*WORK REQUEST*: Pictures must not appear in the copy. Set down exactly the line with "DreamBid. Image 17." and each line after it through the end of the data below.

*GIVEN INFORMATION*:

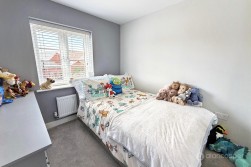 Sunburst Drive, Manor Fields, Nuneaton, CV11 6YQ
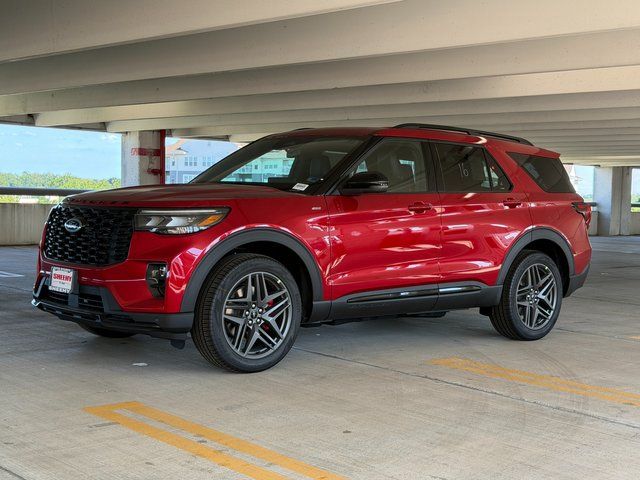 New 2026 Rapid Red Metallic Tinted Clearcoat Ford ST-Line image 2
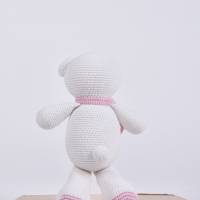 Handgefertigte gehäkelte Teddy Bär "Leonie" aus Baumwolle, weiß mit rosa Schleife, Kuscheltier, Geschenk für Kin Bild 3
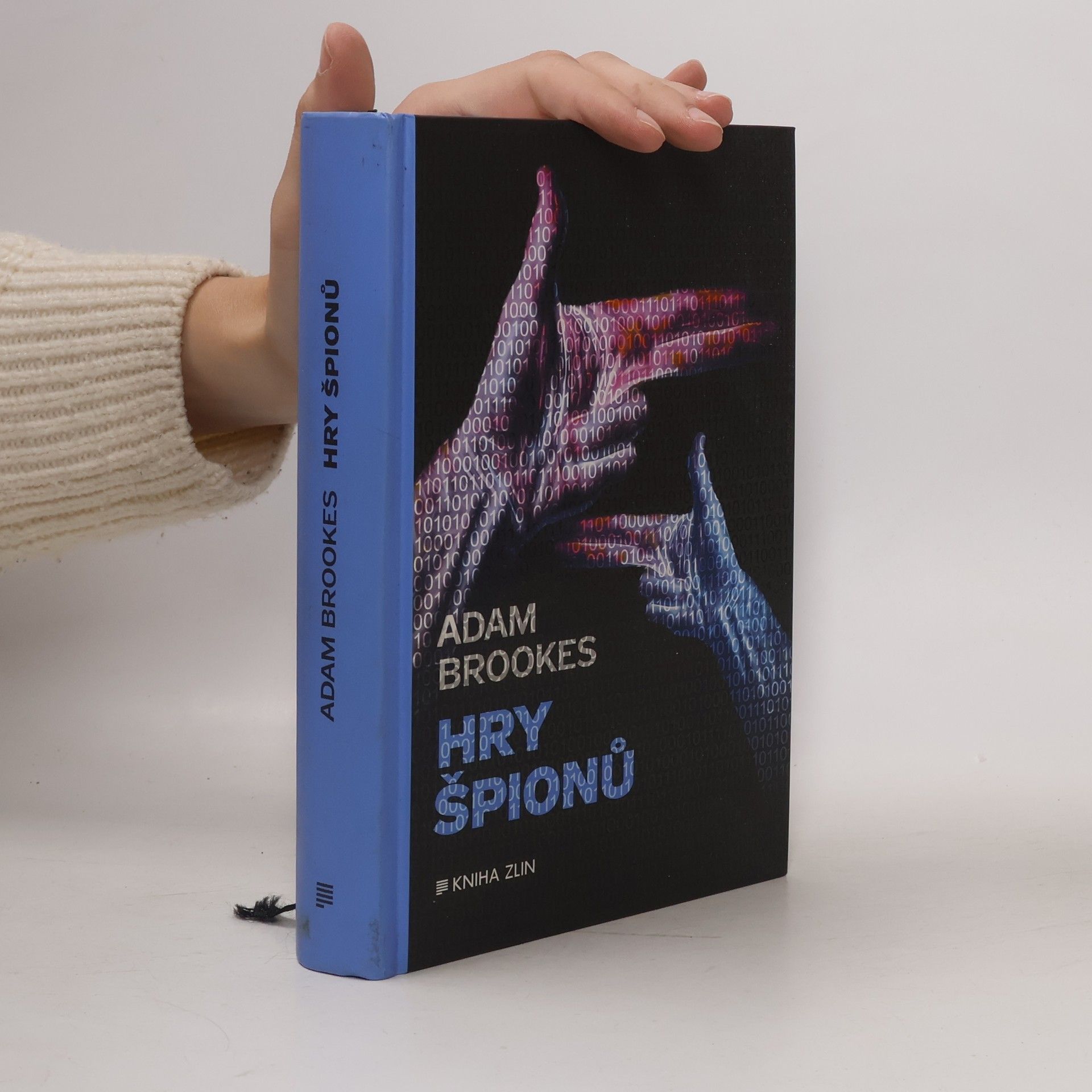 Adam Brookes Hry špionů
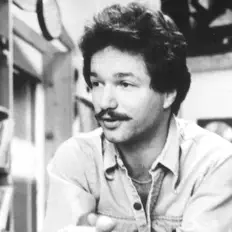 Posłuchaj wykonawcy Resynator, obejrzyj teledyski, przeczytaj biografię, zobacz daty tras koncertowych i nie tylko!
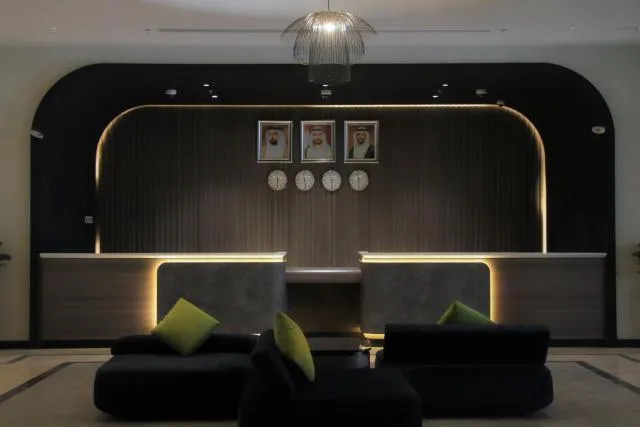  Hotel Holiday International - picture  : Nearby landmark,Lobby or reception,Property 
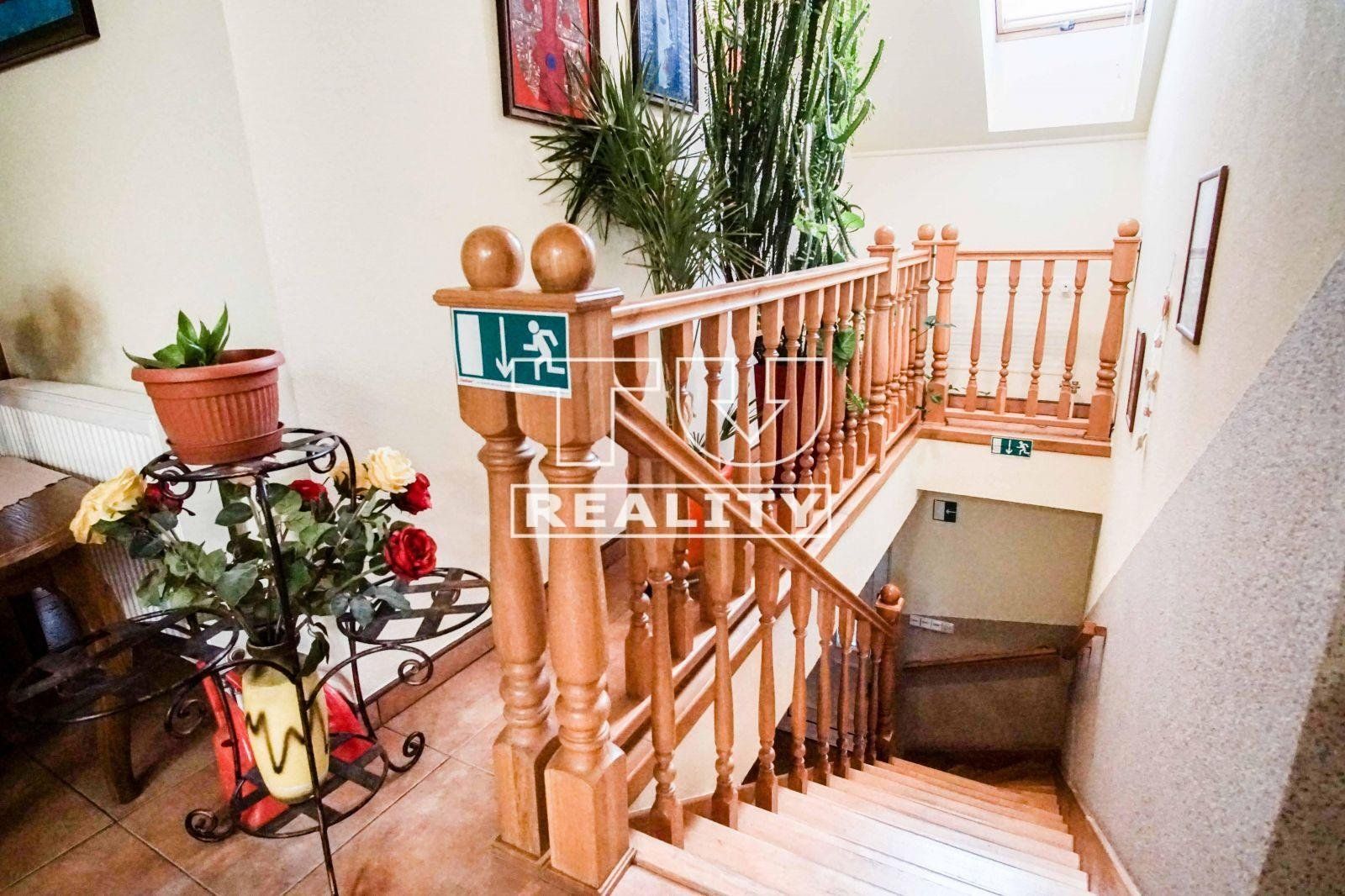 Veľký 7-izbový rodinný dvojgeneračný dom s garážou, ROVINKA, 621 m²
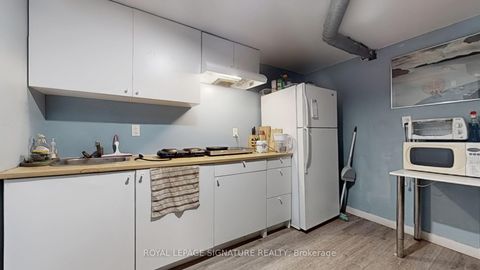 Photo 28 at 174 Caribou Road, Nortown, Toronto
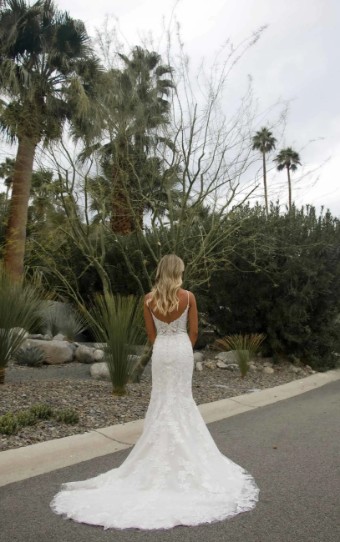 Stella York Susanna 7469IQBU #1 (IVIV-PL) Ivory Lace & Tulle ov Ivory Gown w Porcelain Tulle Plunge thumbnail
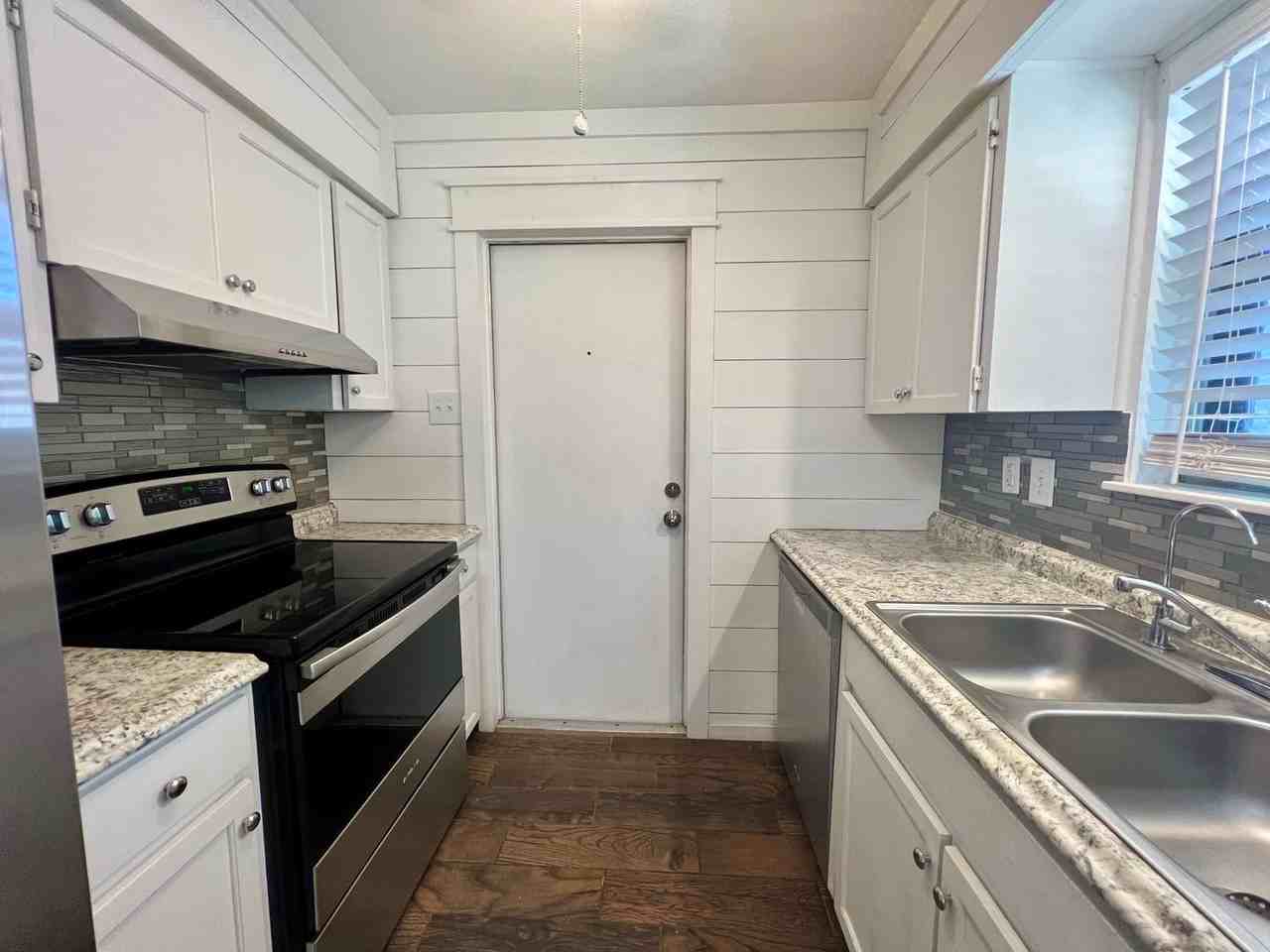 308 Judith Ann Dr - Photo 6 of 28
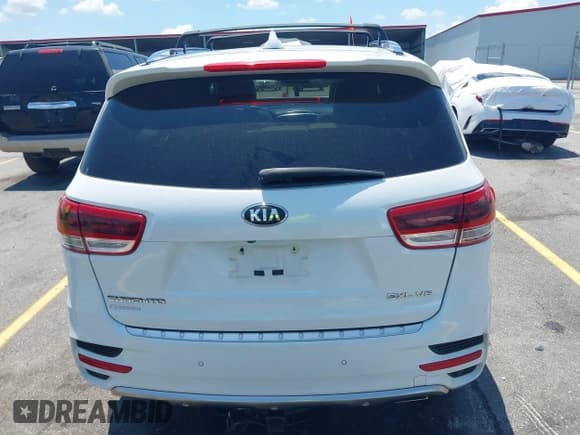 ✅ 2017 Kia Sorento SX • VIN: 5XYPKDA58HG262218 • Lot: 42538131. Listed on IAAI with 115,459 mi. Free auction sales archive from the USA and detailed vehicle history report at DreamBid. Image 17.
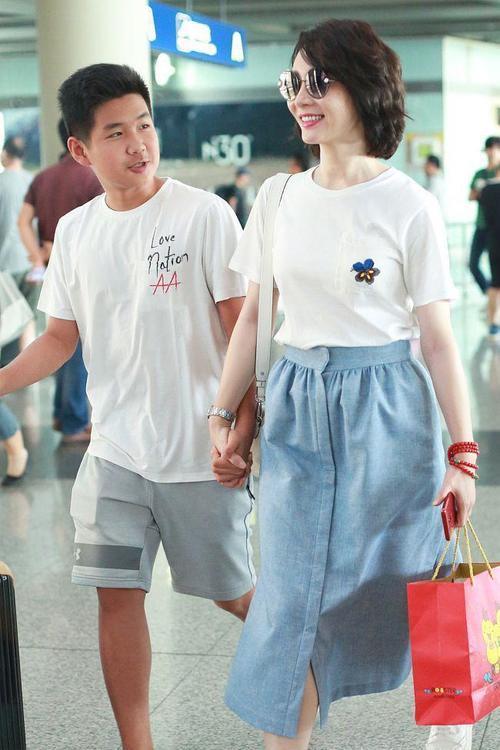 41岁陈数一袭靓丽打扮亮相，牵手儿子如姐弟！完全看不出年龄差啊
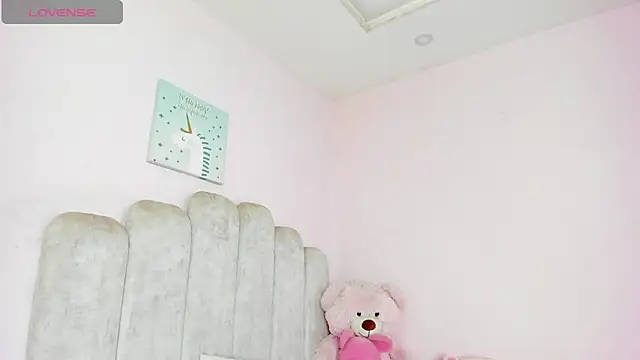 paula cosioo online show from 02.05.26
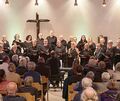 Der „CON 20:15“ singt in der katholischen Kirche.
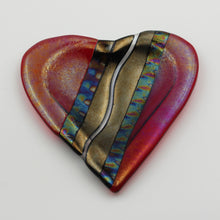Load image into Gallery viewer, Heart Dish, Red Classic Squiggle Center
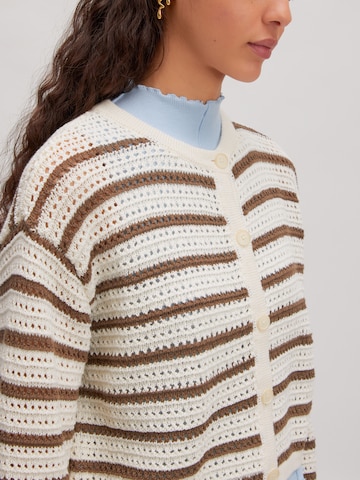 Cardigan 'Ida' EDITED en beige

*ANSWER BOX*:
 ✅ 2017 Kia Sorento SX • VIN: 5XYPKDA58HG262218 • Lot: 42538131. Listed on IAAI with 115,459 mi. Free auction sales archive from the USA and detailed vehicle history report at DreamBid. Image 17.
 41岁陈数一袭靓丽打扮亮相，牵手儿子如姐弟！完全看不出年龄差啊
 paula cosioo online show from 02.05.26
 Der „CON 20:15“ singt in der katholischen Kirche.
Load image into Gallery viewer, Heart Dish, Red Classic Squiggle Center
 Cardigan 'Ida' EDITED en beige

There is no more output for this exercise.